▸ **What you have to do**
From the line containing "Book icon sets" through the last line of the records below, output every line exactly as it appears, but leave out the pictures.

(Data excerpts)
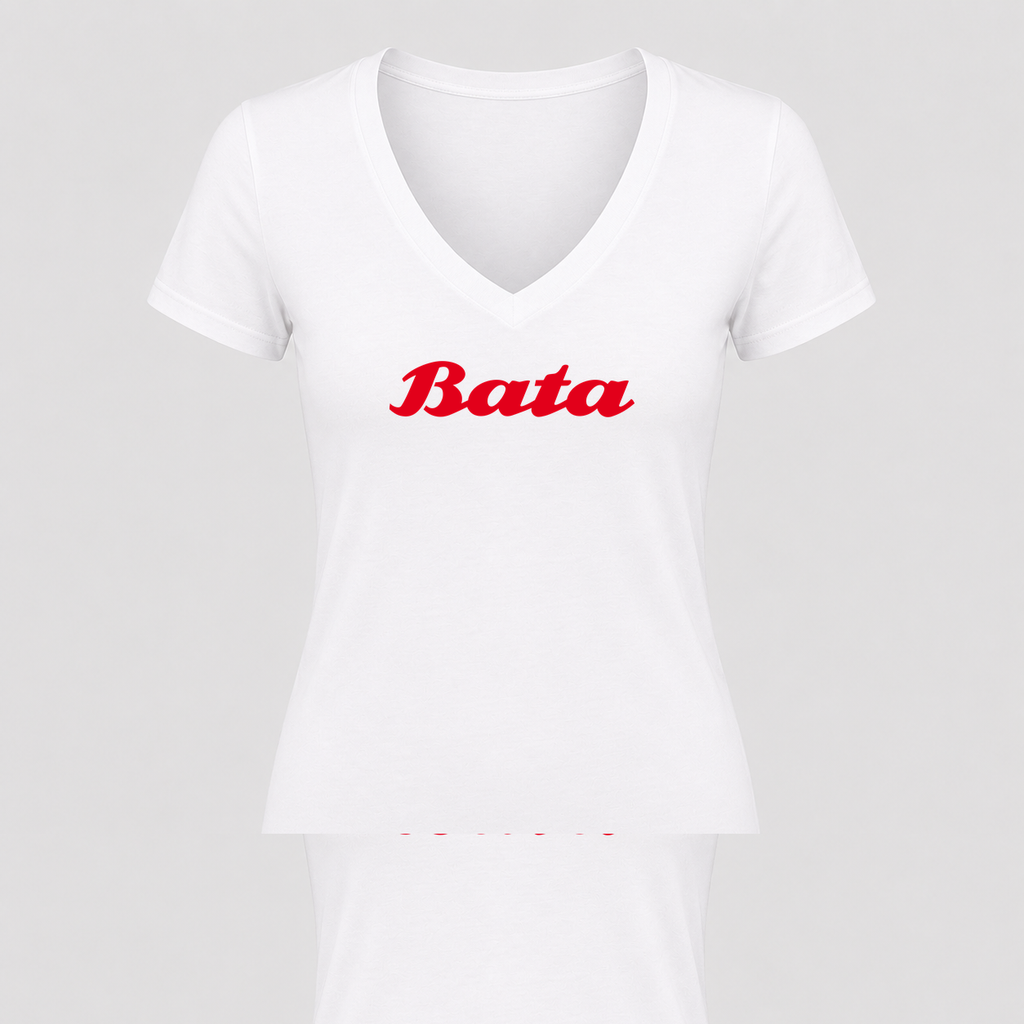 Women's Bata V Neck T-Shirt in white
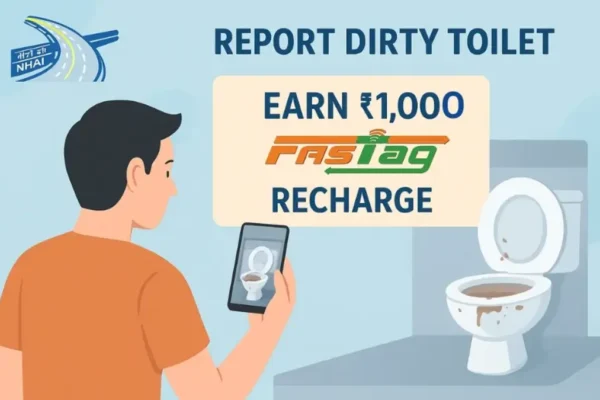 एक यात्री टोल प्लाज़ा पर मोबाइल से गंदे टॉयलेट की फोटो लेते हुए, NHAI की FASTag reward योजना के अंतर्गत रिपोर्ट करता हुआ।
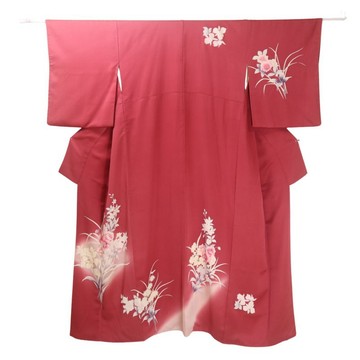 日本古著訪問著和服 | 雅致草花紋樣 | 紅色・深玫瑰色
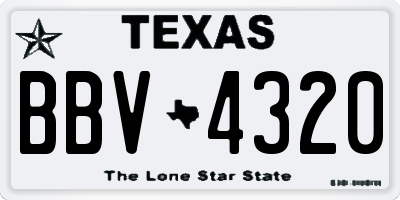 TX license plate BBV4320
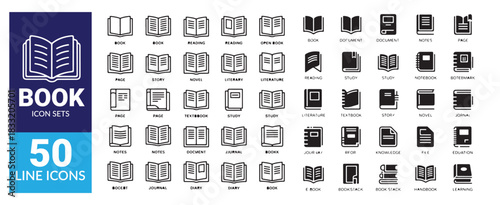 Book icon sets with line style on white background, knowledge and education symbols for ui ux design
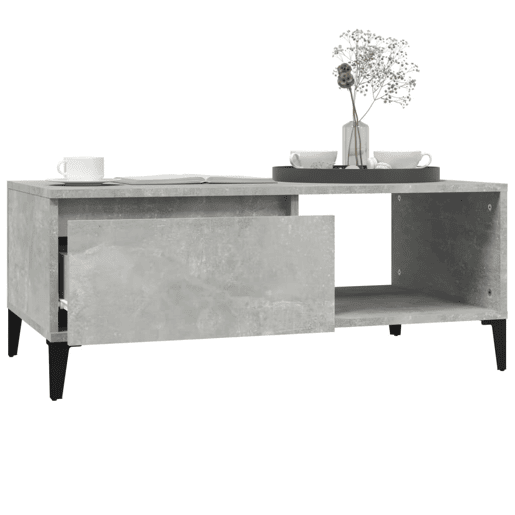 Mesa de Centro, Mesa baixa, 90x50x36,5 cm derivados madeira cinzento cimento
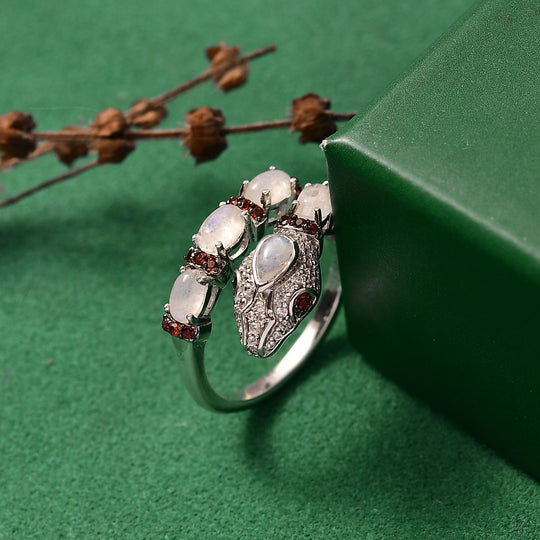 GP Trionfo Kollektion - AAA Regenbogen Mondstein Ring 925 Silber rhodiniert (Größe 18.00) ca. 2.26 ct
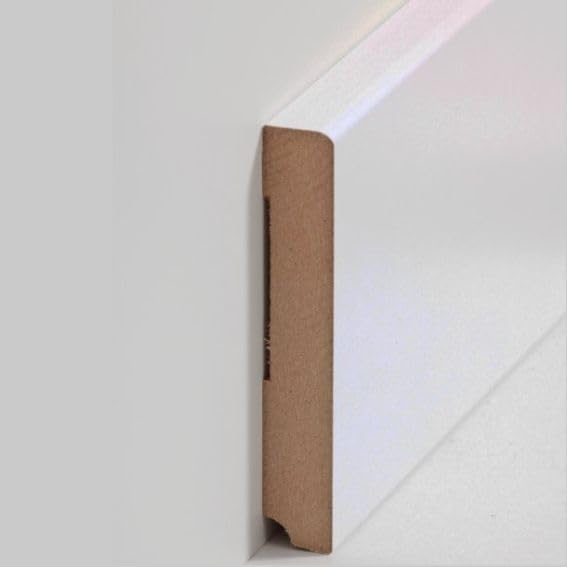 PROVISTON - Battiscopa in MDF, 19 x 115 x 2500 mm, nucleo in MDF laminato, bianco, per incollare, viti e chiodi, 62,5 m, 25 pezzi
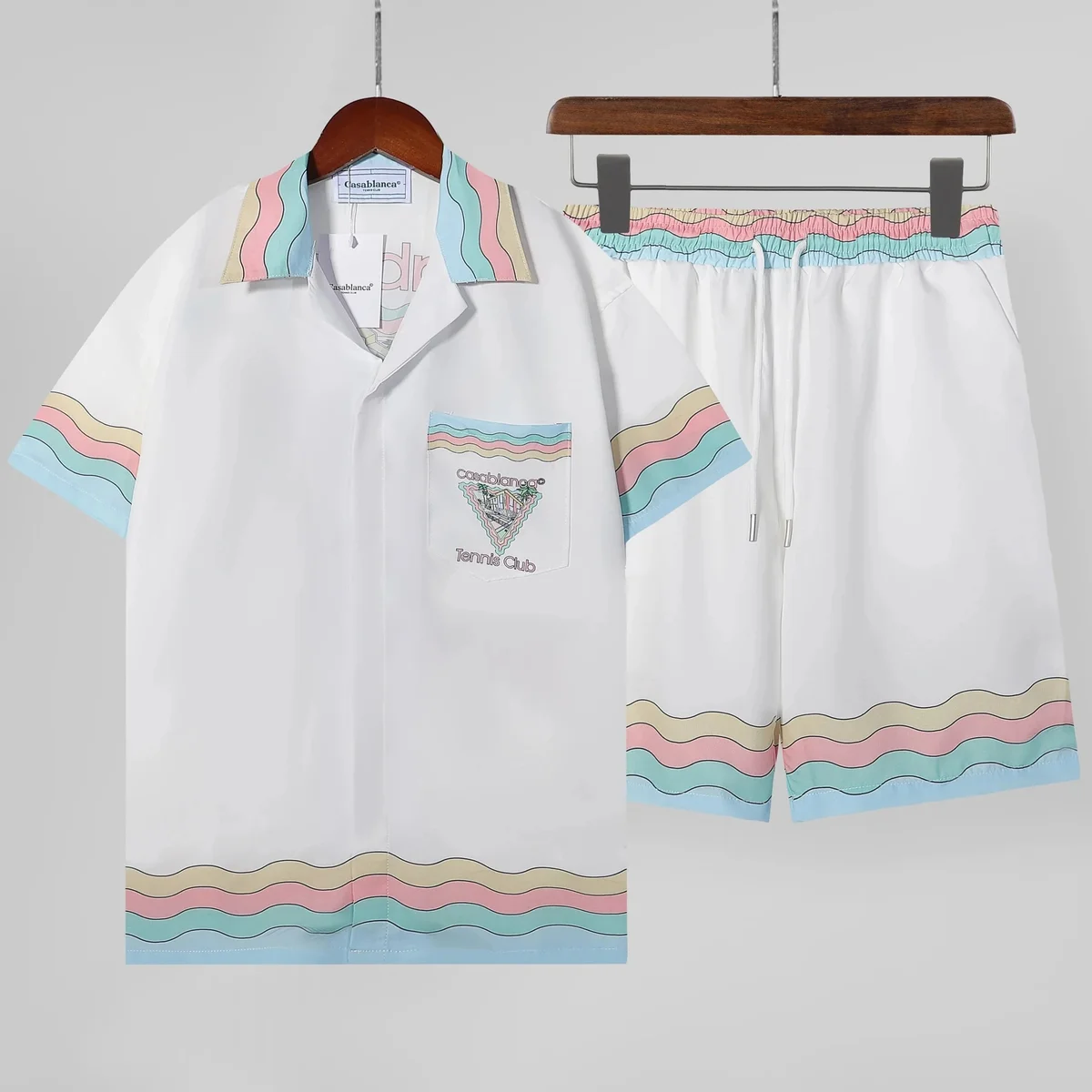 Casablanca Casablanca Tennis Club White & Pastel Stripe Co-ord Set White - 1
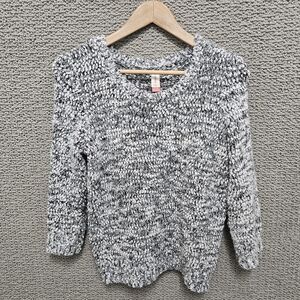 NO BOUNDARIES Women's Sweater Gray Marled Knit Crew Neck Long Sleeve Size XL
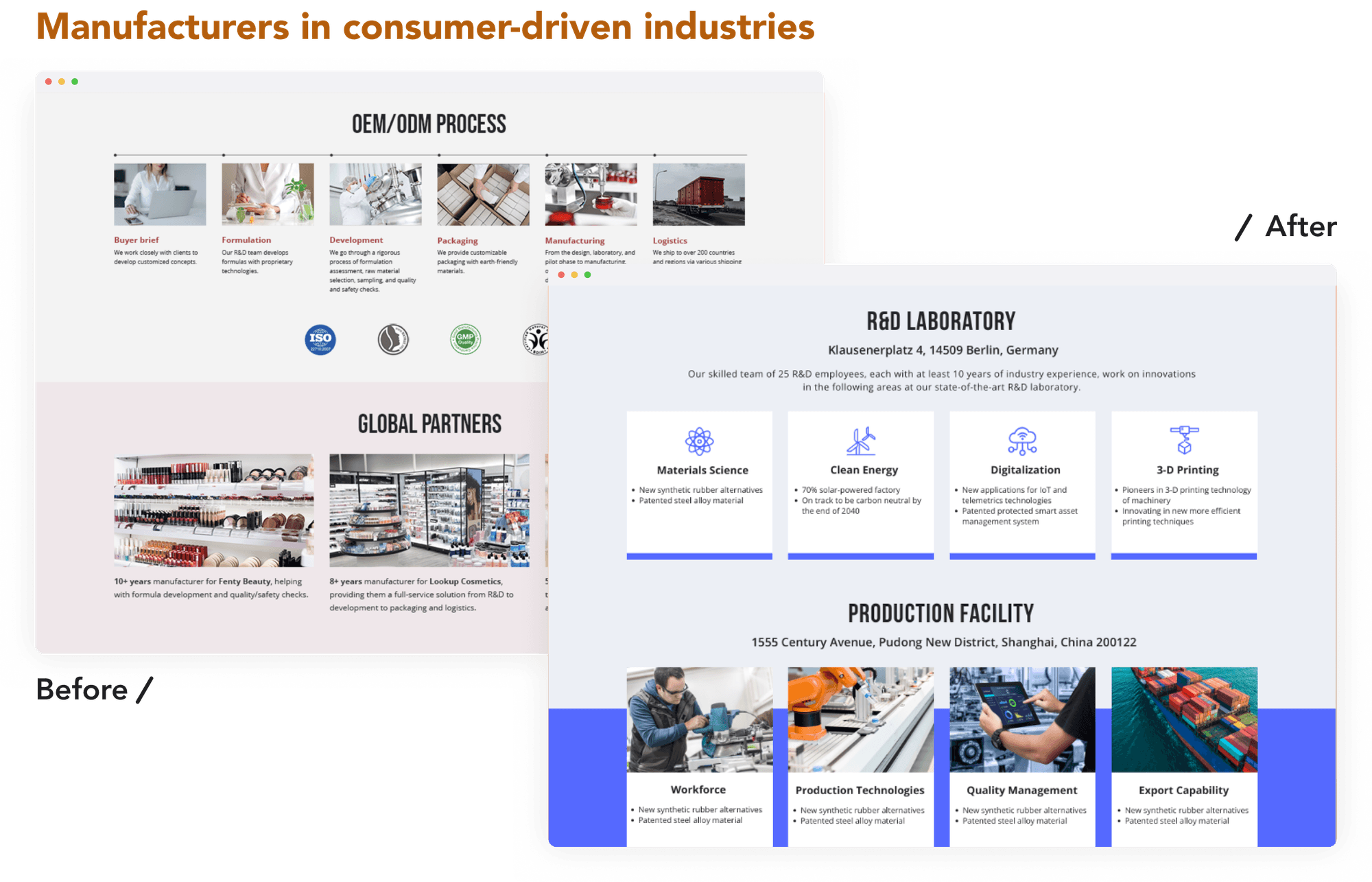 Showcase page template variant 2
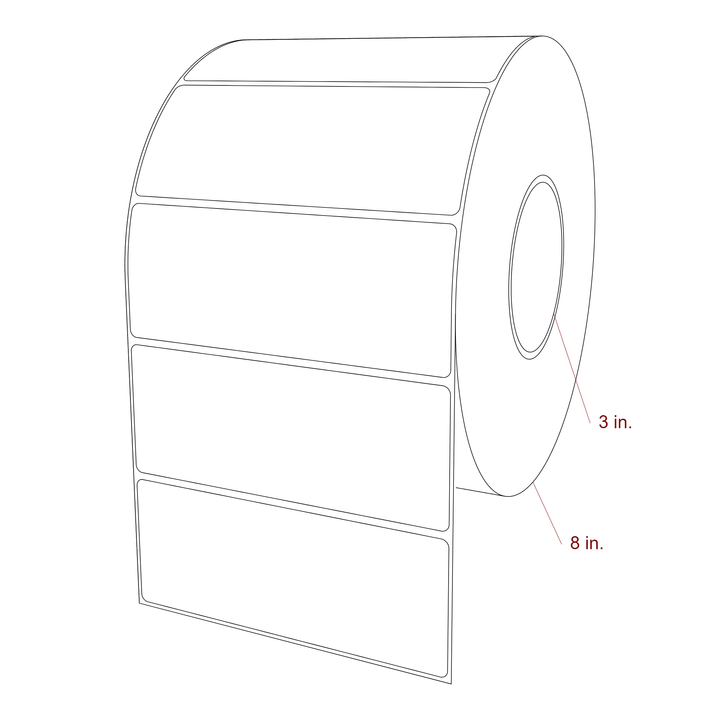 5.75 Inch x 2.25 Inch Rectangle Inkjet Label Roll - 3 Inch Core - 8 Inch Roll OD - 3D Perspective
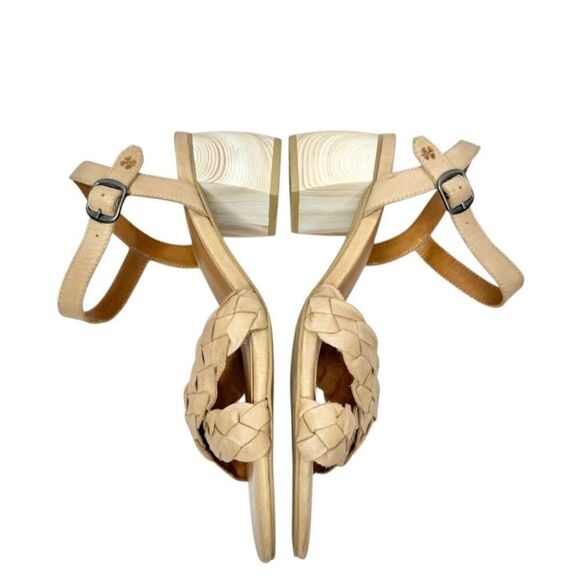 Lucky Brand Sandals Size 9.5 Tan Leather Braided Open Toe Block Heel Beachy - Picture 5 of 9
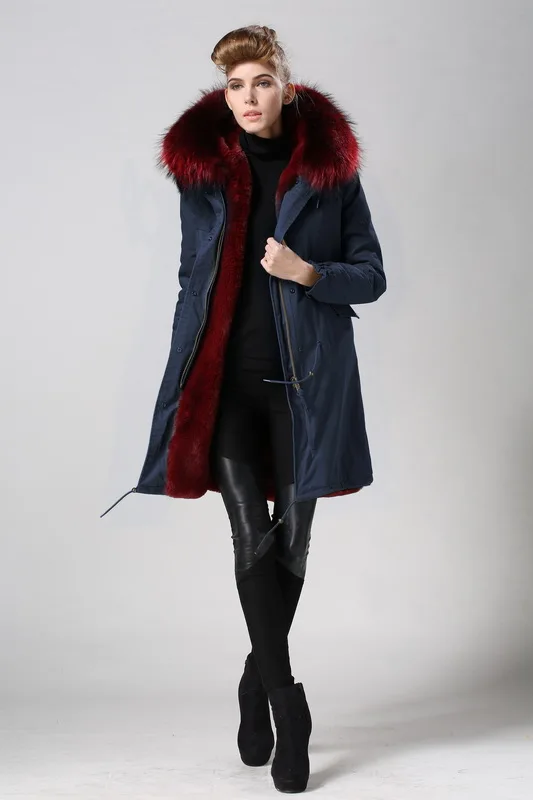 Женская парка с большим капюшоном анорак мехом енота верхняя одежда большого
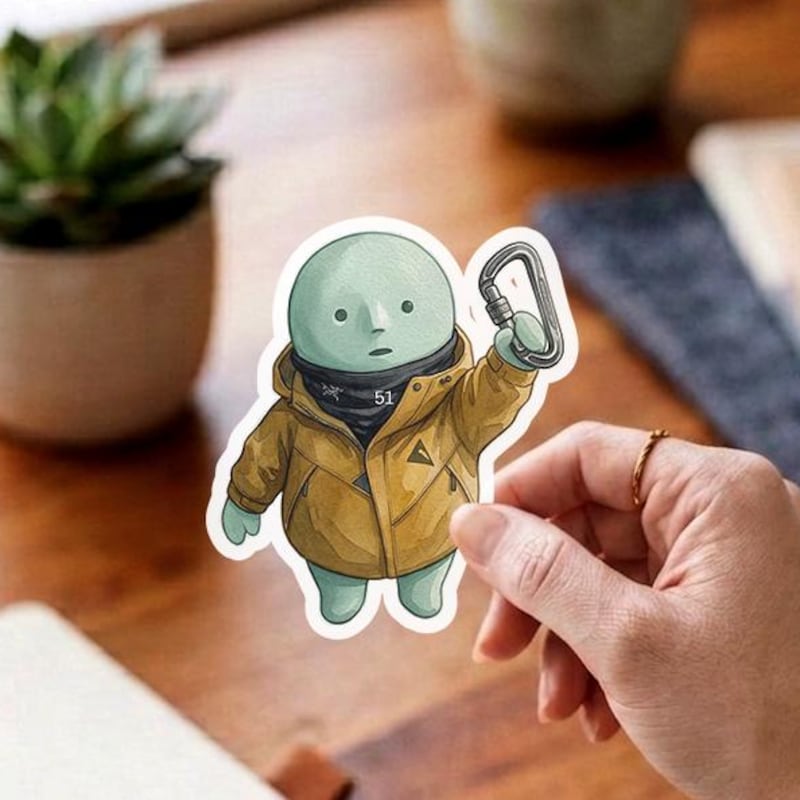 GORPCORE Smiski Inspired Sticker, Klättermusen Climbing Shell Decal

▸ **Answer**
 Book icon sets with line style on white background, knowledge and education symbols for ui ux design
 Mesa de Centro, Mesa baixa, 90x50x36,5 cm derivados madeira cinzento cimento
 GP Trionfo Kollektion - AAA Regenbogen Mondstein Ring 925 Silber rhodiniert (Größe 18.00) ca. 2.26 ct
 PROVISTON - Battiscopa in MDF, 19 x 115 x 2500 mm, nucleo in MDF laminato, bianco, per incollare, viti e chiodi, 62,5 m, 25 pezzi
 Casablanca Casablanca Tennis Club White & Pastel Stripe Co-ord Set White - 1
 NO BOUNDARIES Women's Sweater Gray Marled Knit Crew Neck Long Sleeve Size XL
 Showcase page template variant 2
 5.75 Inch x 2.25 Inch Rectangle Inkjet Label Roll - 3 Inch Core - 8 Inch Roll OD - 3D Perspective
 Lucky Brand Sandals Size 9.5 Tan Leather Braided Open Toe Block Heel Beachy - Picture 5 of 9
 Женская парка с большим капюшоном анорак мехом енота верхняя одежда большого
 GORPCORE Smiski Inspired Sticker, Klättermusen Climbing Shell Decal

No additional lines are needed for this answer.